** Opening Dataset excerpts block **

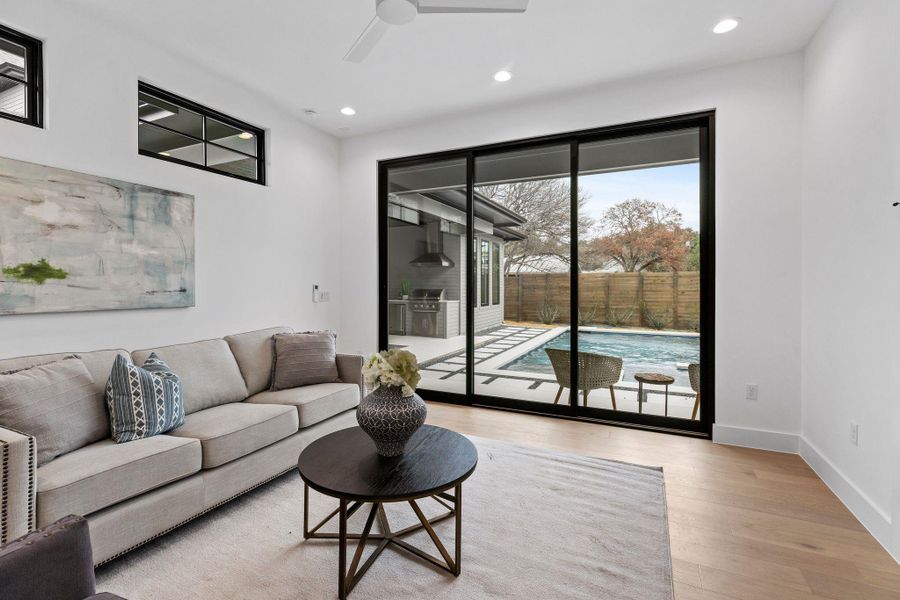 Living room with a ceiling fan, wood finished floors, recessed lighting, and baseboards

** Closing Dataset excerpts block **
** Opening Dataset excerpts block **

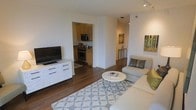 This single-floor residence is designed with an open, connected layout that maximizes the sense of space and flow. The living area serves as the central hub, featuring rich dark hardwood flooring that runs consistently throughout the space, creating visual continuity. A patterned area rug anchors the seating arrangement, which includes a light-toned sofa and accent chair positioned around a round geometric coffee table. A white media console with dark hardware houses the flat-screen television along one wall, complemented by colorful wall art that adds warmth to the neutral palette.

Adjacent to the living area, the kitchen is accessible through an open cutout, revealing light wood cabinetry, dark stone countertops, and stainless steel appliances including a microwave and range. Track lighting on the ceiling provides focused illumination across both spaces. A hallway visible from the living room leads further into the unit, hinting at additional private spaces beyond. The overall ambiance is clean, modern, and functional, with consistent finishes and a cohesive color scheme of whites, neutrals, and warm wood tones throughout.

** Closing Dataset excerpts block **

> **Task**
Copy nothing but the lines above from the one with "This single-floor residence" to the one with "Adjacent to the", inclusive, word for word. Leave every picture out.

> **Your response**
 This single-floor residence is designed with an open, connected layout that maximizes the sense of space and flow. The living area serves as the central hub, featuring rich dark hardwood flooring that runs consistently throughout the space, creating visual continuity. A patterned area rug anchors the seating arrangement, which includes a light-toned sofa and accent chair positioned around a round geometric coffee table. A white media console with dark hardware houses the flat-screen television along one wall, complemented by colorful wall art that adds warmth to the neutral palette.

Adjacent to the living area, the kitchen is accessible through an open cutout, revealing light wood cabinetry, dark stone countertops, and stainless steel appliances including a microwave and range. Track lighting on the ceiling provides focused illumination across both spaces. A hallway visible from the living room leads further into the unit, hinting at additional private spaces beyond. The overall ambiance is clean, modern, and functional, with consistent finishes and a cohesive color scheme of whites, neutrals, and warm wood tones throughout.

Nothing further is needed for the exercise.